The Agency is updating its regulations on carbon sequestration to include a new class of well specifically designed for underground storage of carbon dioxode. Other classes of well already defined allow for the injection of carbon dioxide for oil recovery, and experimental projects.

The EPA's rules, now open for a 120-day consultation period, set out regulations for the construction, monitoring and decommissioning of wells specifically designed for carbon sequestration.

The move is the latest in a series of high-profile moves by the US government designed to support technologies capable of minimising emissions from fossil fuels. The Bush administration has repeatedly advocated the use of technologies that will allow the US to curb emissions while continuing to exploit its vast coal reserves and last month the DoE pledged $1.3bn in funding for clean coal programmes, many of which will rely heavily on carbon sequestration for their operations.

Others are turning to the oceans for storage. A team of scientists from the University of Columbia’s Lamont-Doherty Earth Observatory has proposed storing carbon in an undersea basalt plate off the western coast of the US, extending from Washington state to California.
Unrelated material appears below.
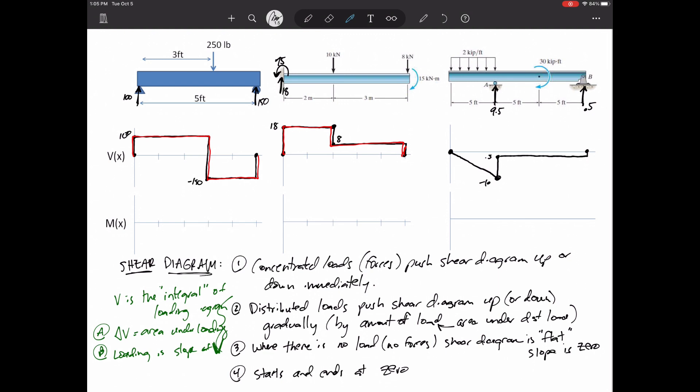The main thing is to imagine yourself as a little person walking along the beam, getting pushed up and down by the loading. When you see a force pointed down, the shear diagram gets pushed down immediately. See a force pointed up, it gets pushed up immediately. When you see a distributed load pointing down, it pushes you down gradually — the slope equals the magnitude of the distributed load.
The basalt in the plate would gradually convert liquified CO2 to limestome, said Taro Takahashi, co-author of a paper on the subject published in the Proceedings of the National Academy of Sciences. The paper claims that the plate is potentially large enough to store a century's worth of US carbon emissions.

"It's large, secure, and away from civilisation. The disadvantage is that it's also somewhat distant from industrial civilisation," said lead author David Goldberg, who has examined the costs of transporting CO2 by pipeline from industrial centres on the west coast. "We're looking at this as a moderate to long-term solution on where you put the CO2."

The nearest offshore plate on the eastern seaboard – where according to the Vulcan project more of the nation’s 1.7GT of annual industrial CO2 emissions take place – is in the mid-Atlantic, making it commercially unviable as a storage site.